Task to carry out
Reproduce the listing exactly, please, with every line intact.

------------------------------------------------

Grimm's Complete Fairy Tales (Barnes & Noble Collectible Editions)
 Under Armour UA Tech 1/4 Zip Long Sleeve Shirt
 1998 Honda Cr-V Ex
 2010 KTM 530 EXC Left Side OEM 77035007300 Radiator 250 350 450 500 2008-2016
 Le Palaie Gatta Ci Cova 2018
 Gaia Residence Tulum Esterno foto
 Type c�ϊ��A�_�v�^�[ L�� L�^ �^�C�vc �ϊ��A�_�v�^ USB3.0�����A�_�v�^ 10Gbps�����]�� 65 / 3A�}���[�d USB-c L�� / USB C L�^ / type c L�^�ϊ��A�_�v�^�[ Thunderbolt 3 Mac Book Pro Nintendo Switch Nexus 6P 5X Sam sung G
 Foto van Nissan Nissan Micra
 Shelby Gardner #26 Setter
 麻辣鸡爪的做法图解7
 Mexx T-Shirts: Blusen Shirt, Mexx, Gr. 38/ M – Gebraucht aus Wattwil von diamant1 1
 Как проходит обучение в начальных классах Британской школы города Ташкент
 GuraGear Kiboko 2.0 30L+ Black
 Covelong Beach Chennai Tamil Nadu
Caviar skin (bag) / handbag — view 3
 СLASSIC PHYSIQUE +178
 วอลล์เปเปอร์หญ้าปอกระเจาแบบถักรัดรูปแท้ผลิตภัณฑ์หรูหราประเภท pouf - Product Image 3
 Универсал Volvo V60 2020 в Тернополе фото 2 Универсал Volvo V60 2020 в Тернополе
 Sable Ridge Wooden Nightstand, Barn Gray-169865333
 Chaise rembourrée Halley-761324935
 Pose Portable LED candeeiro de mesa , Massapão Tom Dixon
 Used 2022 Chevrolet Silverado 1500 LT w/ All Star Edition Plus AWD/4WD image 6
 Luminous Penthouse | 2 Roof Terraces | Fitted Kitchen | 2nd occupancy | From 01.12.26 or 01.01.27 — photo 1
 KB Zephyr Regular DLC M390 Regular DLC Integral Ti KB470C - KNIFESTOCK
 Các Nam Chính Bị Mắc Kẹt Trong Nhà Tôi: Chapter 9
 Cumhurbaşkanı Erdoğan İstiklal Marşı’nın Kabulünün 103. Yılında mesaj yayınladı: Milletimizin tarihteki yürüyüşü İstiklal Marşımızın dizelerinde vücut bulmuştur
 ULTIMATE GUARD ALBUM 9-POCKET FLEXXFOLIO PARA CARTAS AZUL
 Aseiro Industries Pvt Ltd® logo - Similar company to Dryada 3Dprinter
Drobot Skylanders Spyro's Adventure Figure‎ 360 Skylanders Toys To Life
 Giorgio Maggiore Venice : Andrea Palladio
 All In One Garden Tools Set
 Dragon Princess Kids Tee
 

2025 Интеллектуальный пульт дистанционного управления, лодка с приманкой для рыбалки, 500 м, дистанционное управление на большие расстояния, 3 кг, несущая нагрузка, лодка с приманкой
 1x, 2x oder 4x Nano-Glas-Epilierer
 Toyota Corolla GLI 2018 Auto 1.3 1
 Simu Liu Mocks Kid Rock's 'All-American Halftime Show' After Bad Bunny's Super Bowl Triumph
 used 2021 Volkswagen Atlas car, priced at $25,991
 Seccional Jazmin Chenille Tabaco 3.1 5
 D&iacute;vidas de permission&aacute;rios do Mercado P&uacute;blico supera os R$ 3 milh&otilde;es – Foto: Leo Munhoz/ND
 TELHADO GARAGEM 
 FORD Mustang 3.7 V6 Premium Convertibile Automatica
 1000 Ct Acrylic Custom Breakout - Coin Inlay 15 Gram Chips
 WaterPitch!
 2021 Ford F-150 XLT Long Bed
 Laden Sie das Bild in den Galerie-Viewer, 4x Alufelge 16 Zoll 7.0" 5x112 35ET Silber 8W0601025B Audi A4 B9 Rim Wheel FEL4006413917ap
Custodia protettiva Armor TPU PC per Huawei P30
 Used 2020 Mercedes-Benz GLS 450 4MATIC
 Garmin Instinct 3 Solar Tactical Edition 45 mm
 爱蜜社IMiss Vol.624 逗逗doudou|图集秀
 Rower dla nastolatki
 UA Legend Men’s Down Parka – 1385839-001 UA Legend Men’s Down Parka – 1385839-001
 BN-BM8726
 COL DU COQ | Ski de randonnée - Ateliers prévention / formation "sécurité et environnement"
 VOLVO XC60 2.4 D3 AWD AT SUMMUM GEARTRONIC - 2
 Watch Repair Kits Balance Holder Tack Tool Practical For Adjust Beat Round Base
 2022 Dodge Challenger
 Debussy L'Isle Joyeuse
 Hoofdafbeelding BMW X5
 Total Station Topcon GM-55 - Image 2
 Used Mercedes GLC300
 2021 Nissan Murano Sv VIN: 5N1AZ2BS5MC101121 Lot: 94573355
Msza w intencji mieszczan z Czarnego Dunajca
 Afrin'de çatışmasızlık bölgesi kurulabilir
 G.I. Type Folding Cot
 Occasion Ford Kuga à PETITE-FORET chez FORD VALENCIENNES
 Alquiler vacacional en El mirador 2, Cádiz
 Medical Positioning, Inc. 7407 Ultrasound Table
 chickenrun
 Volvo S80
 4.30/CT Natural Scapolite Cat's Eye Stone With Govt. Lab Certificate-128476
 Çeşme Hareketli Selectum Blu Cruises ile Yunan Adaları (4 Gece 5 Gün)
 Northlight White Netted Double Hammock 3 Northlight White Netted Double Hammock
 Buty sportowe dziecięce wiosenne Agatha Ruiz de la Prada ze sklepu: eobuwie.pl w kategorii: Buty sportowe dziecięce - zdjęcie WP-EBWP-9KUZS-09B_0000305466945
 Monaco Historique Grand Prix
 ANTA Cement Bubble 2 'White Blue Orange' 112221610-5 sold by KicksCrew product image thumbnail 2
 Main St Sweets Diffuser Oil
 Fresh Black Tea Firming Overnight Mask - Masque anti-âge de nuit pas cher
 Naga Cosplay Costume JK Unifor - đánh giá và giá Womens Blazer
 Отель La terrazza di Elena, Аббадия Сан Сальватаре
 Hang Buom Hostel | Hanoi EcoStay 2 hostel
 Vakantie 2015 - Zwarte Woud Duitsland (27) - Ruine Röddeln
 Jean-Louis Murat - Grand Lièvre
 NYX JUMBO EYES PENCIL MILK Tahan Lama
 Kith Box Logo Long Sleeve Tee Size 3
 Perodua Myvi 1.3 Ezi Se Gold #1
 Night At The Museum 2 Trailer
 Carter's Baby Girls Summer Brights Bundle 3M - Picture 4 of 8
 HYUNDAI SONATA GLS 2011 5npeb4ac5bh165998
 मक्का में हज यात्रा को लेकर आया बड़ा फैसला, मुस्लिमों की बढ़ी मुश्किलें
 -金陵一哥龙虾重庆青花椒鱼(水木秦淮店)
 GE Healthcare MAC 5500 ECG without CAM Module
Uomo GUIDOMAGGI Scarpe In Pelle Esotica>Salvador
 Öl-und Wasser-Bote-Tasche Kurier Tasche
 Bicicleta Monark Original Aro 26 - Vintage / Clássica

------------------------------------------------

Response to the task
Grimm's Complete Fairy Tales (Barnes & Noble Collectible Editions)
 Under Armour UA Tech 1/4 Zip Long Sleeve Shirt
 1998 Honda Cr-V Ex
 2010 KTM 530 EXC Left Side OEM 77035007300 Radiator 250 350 450 500 2008-2016
 Le Palaie Gatta Ci Cova 2018
 Gaia Residence Tulum Esterno foto
 Type c�ϊ��A�_�v�^�[ L�� L�^ �^�C�vc �ϊ��A�_�v�^ USB3.0�����A�_�v�^ 10Gbps�����]�� 65 / 3A�}���[�d USB-c L�� / USB C L�^ / type c L�^�ϊ��A�_�v�^�[ Thunderbolt 3 Mac Book Pro Nintendo Switch Nexus 6P 5X Sam sung G
 Foto van Nissan Nissan Micra
 Shelby Gardner #26 Setter
 麻辣鸡爪的做法图解7
 Mexx T-Shirts: Blusen Shirt, Mexx, Gr. 38/ M – Gebraucht aus Wattwil von diamant1 1
 Как проходит обучение в начальных классах Британской школы города Ташкент
 GuraGear Kiboko 2.0 30L+ Black
 Covelong Beach Chennai Tamil Nadu
Caviar skin (bag) / handbag — view 3
 СLASSIC PHYSIQUE +178
 วอลล์เปเปอร์หญ้าปอกระเจาแบบถักรัดรูปแท้ผลิตภัณฑ์หรูหราประเภท pouf - Product Image 3
 Универсал Volvo V60 2020 в Тернополе фото 2 Универсал Volvo V60 2020 в Тернополе
 Sable Ridge Wooden Nightstand, Barn Gray-169865333
 Chaise rembourrée Halley-761324935
 Pose Portable LED candeeiro de mesa , Massapão Tom Dixon
 Used 2022 Chevrolet Silverado 1500 LT w/ All Star Edition Plus AWD/4WD image 6
 Luminous Penthouse | 2 Roof Terraces | Fitted Kitchen | 2nd occupancy | From 01.12.26 or 01.01.27 — photo 1
 KB Zephyr Regular DLC M390 Regular DLC Integral Ti KB470C - KNIFESTOCK
 Các Nam Chính Bị Mắc Kẹt Trong Nhà Tôi: Chapter 9
 Cumhurbaşkanı Erdoğan İstiklal Marşı’nın Kabulünün 103. Yılında mesaj yayınladı: Milletimizin tarihteki yürüyüşü İstiklal Marşımızın dizelerinde vücut bulmuştur
 ULTIMATE GUARD ALBUM 9-POCKET FLEXXFOLIO PARA CARTAS AZUL
 Aseiro Industries Pvt Ltd® logo - Similar company to Dryada 3Dprinter
Drobot Skylanders Spyro's Adventure Figure‎ 360 Skylanders Toys To Life
 Giorgio Maggiore Venice : Andrea Palladio
 All In One Garden Tools Set
 Dragon Princess Kids Tee
 

2025 Интеллектуальный пульт дистанционного управления, лодка с приманкой для рыбалки, 500 м, дистанционное управление на большие расстояния, 3 кг, несущая нагрузка, лодка с приманкой
 1x, 2x oder 4x Nano-Glas-Epilierer
 Toyota Corolla GLI 2018 Auto 1.3 1
 Simu Liu Mocks Kid Rock's 'All-American Halftime Show' After Bad Bunny's Super Bowl Triumph
 used 2021 Volkswagen Atlas car, priced at $25,991
 Seccional Jazmin Chenille Tabaco 3.1 5
 D&iacute;vidas de permission&aacute;rios do Mercado P&uacute;blico supera os R$ 3 milh&otilde;es – Foto: Leo Munhoz/ND
 TELHADO GARAGEM 
 FORD Mustang 3.7 V6 Premium Convertibile Automatica
 1000 Ct Acrylic Custom Breakout - Coin Inlay 15 Gram Chips
 WaterPitch!
 2021 Ford F-150 XLT Long Bed
 Laden Sie das Bild in den Galerie-Viewer, 4x Alufelge 16 Zoll 7.0" 5x112 35ET Silber 8W0601025B Audi A4 B9 Rim Wheel FEL4006413917ap
Custodia protettiva Armor TPU PC per Huawei P30
 Used 2020 Mercedes-Benz GLS 450 4MATIC
 Garmin Instinct 3 Solar Tactical Edition 45 mm
 爱蜜社IMiss Vol.624 逗逗doudou|图集秀
 Rower dla nastolatki
 UA Legend Men’s Down Parka – 1385839-001 UA Legend Men’s Down Parka – 1385839-001
 BN-BM8726
 COL DU COQ | Ski de randonnée - Ateliers prévention / formation "sécurité et environnement"
 VOLVO XC60 2.4 D3 AWD AT SUMMUM GEARTRONIC - 2
 Watch Repair Kits Balance Holder Tack Tool Practical For Adjust Beat Round Base
 2022 Dodge Challenger
 Debussy L'Isle Joyeuse
 Hoofdafbeelding BMW X5
 Total Station Topcon GM-55 - Image 2
 Used Mercedes GLC300
 2021 Nissan Murano Sv VIN: 5N1AZ2BS5MC101121 Lot: 94573355
Msza w intencji mieszczan z Czarnego Dunajca
 Afrin'de çatışmasızlık bölgesi kurulabilir
 G.I. Type Folding Cot
 Occasion Ford Kuga à PETITE-FORET chez FORD VALENCIENNES
 Alquiler vacacional en El mirador 2, Cádiz
 Medical Positioning, Inc. 7407 Ultrasound Table
 chickenrun
 Volvo S80
 4.30/CT Natural Scapolite Cat's Eye Stone With Govt. Lab Certificate-128476
 Çeşme Hareketli Selectum Blu Cruises ile Yunan Adaları (4 Gece 5 Gün)
 Northlight White Netted Double Hammock 3 Northlight White Netted Double Hammock
 Buty sportowe dziecięce wiosenne Agatha Ruiz de la Prada ze sklepu: eobuwie.pl w kategorii: Buty sportowe dziecięce - zdjęcie WP-EBWP-9KUZS-09B_0000305466945
 Monaco Historique Grand Prix
 ANTA Cement Bubble 2 'White Blue Orange' 112221610-5 sold by KicksCrew product image thumbnail 2
 Main St Sweets Diffuser Oil
 Fresh Black Tea Firming Overnight Mask - Masque anti-âge de nuit pas cher
 Naga Cosplay Costume JK Unifor - đánh giá và giá Womens Blazer
 Отель La terrazza di Elena, Аббадия Сан Сальватаре
 Hang Buom Hostel | Hanoi EcoStay 2 hostel
 Vakantie 2015 - Zwarte Woud Duitsland (27) - Ruine Röddeln
 Jean-Louis Murat - Grand Lièvre
 NYX JUMBO EYES PENCIL MILK Tahan Lama
 Kith Box Logo Long Sleeve Tee Size 3
 Perodua Myvi 1.3 Ezi Se Gold #1
 Night At The Museum 2 Trailer
 Carter's Baby Girls Summer Brights Bundle 3M - Picture 4 of 8
 HYUNDAI SONATA GLS 2011 5npeb4ac5bh165998
 मक्का में हज यात्रा को लेकर आया बड़ा फैसला, मुस्लिमों की बढ़ी मुश्किलें
 -金陵一哥龙虾重庆青花椒鱼(水木秦淮店)
 GE Healthcare MAC 5500 ECG without CAM Module
Uomo GUIDOMAGGI Scarpe In Pelle Esotica>Salvador
 Öl-und Wasser-Bote-Tasche Kurier Tasche
 Bicicleta Monark Original Aro 26 - Vintage / Clássica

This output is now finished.